Additional info on PRs:

v1.2.8#

  • Add dimensionality reduction for documents

  • Change maximum chunksize to 500

v1.2.7#

  • Adjust max cache size, from one to eight, of Dataset.to_pandas_dataframe and Series._get_pandas_series

  • Fix dataset analytics

v1.2.6#

  • Add initial bias detection

  • Fix analytics support

  • Remove test tracking

v1.2.5#

  • Add hotfix if pandas functions not supported.

v1.2.4#

  • Add nltk-rake support for keyphrases

  • Add more documentation around cluster reporting

  • Enable Dataset and Series access pandas DataFrame and Series methods, respectively

  • Change Dataset.health from a property to a method and add pandas DataFrame output

  • Change Dataset.vectorize to call pull_update_push just once instead of twice

v1.2.3#

  • Add Cluster Report endpoints

Developer changes:

  • Fix bug with analytics and change to an env variable tracker for outermost function

v1.2.2#

Developer changes:

BREAKING CHANGES

  • All list and dict default arguments are changed to None.

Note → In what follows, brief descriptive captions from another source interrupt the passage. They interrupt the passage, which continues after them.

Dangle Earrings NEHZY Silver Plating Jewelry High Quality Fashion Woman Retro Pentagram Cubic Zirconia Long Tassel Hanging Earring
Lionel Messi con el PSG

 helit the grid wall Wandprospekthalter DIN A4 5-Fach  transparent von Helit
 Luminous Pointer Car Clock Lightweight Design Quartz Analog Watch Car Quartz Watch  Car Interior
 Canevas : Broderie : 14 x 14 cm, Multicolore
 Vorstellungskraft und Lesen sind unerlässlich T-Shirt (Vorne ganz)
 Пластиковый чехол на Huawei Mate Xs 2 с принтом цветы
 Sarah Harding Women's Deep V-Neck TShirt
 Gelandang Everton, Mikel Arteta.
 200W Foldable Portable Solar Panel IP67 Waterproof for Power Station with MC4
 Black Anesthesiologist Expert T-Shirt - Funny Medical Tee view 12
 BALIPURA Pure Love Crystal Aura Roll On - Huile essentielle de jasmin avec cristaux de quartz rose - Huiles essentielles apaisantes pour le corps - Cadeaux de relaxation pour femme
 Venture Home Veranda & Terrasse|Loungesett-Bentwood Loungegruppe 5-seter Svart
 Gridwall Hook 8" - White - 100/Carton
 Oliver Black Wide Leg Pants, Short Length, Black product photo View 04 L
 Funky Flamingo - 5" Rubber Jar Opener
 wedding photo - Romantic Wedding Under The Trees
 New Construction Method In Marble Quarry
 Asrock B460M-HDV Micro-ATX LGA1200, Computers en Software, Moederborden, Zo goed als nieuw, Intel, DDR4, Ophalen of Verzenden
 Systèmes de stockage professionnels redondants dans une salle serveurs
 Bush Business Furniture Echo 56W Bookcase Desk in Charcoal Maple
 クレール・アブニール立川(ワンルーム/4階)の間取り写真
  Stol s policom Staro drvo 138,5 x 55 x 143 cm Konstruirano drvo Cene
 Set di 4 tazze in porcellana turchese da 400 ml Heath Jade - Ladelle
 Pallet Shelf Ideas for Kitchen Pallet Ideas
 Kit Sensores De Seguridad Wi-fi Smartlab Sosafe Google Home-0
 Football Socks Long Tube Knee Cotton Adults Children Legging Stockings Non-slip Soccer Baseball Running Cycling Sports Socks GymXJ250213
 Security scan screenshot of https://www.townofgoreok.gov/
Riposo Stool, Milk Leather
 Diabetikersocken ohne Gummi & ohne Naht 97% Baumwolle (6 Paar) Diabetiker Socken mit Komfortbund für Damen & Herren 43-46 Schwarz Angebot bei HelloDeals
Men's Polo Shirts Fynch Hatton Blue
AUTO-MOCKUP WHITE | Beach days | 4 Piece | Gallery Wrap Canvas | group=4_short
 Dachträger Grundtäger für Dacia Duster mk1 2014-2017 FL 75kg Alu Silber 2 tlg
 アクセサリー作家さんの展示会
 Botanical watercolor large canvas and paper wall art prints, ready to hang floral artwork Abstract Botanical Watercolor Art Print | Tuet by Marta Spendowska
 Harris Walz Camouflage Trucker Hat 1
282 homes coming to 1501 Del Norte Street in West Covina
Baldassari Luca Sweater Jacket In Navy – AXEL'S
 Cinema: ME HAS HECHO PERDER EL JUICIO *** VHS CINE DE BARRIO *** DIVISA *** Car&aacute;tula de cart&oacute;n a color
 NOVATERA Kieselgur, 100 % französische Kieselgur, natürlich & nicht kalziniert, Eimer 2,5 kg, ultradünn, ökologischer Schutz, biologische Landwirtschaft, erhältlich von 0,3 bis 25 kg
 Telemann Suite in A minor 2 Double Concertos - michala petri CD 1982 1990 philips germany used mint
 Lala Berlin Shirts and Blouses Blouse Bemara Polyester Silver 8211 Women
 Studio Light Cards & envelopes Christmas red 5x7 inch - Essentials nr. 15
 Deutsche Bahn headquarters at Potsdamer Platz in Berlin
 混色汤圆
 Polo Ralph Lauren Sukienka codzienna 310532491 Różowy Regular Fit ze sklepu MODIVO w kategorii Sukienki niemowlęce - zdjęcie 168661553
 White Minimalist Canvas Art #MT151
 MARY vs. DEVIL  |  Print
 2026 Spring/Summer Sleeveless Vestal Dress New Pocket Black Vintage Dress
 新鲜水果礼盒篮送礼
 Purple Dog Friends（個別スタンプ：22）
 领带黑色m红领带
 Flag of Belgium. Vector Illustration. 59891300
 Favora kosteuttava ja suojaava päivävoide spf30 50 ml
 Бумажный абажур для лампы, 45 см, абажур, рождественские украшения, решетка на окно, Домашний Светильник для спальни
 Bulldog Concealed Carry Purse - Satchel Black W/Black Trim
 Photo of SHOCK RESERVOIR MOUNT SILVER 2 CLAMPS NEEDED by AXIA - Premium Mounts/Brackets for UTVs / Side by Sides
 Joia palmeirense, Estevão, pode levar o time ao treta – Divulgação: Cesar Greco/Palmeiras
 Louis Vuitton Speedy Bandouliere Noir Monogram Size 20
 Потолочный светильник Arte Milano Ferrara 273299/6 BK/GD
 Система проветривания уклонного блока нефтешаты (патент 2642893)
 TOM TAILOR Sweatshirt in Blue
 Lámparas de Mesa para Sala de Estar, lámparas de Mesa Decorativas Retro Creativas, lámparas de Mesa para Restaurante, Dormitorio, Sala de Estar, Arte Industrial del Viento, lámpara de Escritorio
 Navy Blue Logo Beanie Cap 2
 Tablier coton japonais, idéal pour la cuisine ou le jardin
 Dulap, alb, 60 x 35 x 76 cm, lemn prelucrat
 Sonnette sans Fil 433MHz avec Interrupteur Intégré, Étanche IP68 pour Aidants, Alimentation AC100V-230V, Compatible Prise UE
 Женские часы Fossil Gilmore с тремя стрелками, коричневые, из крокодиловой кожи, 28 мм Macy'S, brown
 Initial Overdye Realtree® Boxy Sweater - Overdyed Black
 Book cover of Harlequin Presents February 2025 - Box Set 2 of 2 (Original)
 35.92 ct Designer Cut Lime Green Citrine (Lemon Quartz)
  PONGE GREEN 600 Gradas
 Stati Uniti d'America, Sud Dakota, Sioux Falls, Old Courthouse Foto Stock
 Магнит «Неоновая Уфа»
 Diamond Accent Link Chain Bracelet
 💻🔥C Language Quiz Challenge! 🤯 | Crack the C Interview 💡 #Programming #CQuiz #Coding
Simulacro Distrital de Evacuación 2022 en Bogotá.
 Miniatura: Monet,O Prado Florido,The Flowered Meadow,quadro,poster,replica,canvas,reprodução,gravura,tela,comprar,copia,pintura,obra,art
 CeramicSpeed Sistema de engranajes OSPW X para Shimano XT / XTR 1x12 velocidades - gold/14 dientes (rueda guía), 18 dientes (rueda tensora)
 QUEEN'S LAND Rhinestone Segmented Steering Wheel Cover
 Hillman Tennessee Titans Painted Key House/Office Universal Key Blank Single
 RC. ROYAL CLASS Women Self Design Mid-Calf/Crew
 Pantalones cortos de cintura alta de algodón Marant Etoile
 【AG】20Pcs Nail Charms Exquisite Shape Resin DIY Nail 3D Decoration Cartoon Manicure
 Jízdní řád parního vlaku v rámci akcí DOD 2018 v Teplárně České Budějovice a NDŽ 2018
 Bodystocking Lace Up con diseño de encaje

Other Changes - Introduced corr, a method to plot the correlation between two fields, in Dataset - Export to Pandas DataFrame

v1.2.1#

BREAKING CHANGES

  • When upserting, you will no longer be returned confusing inserting/write statements.

Other Changes:

  • Add option to create_id when inserting

Developer changes:

  • Reduced number of documents in testing

  • Make tracking only occur at the uppermost level and not the bottom level

v1.2.0#

BREAKING CHANGES

  • When inserting/writing, you will now no longer be returned confusing insertion/write statements

but if it errors, it will return the JSON object with the necessary details.

  • Add image tooling around processing (currently an alpha feature to be tested)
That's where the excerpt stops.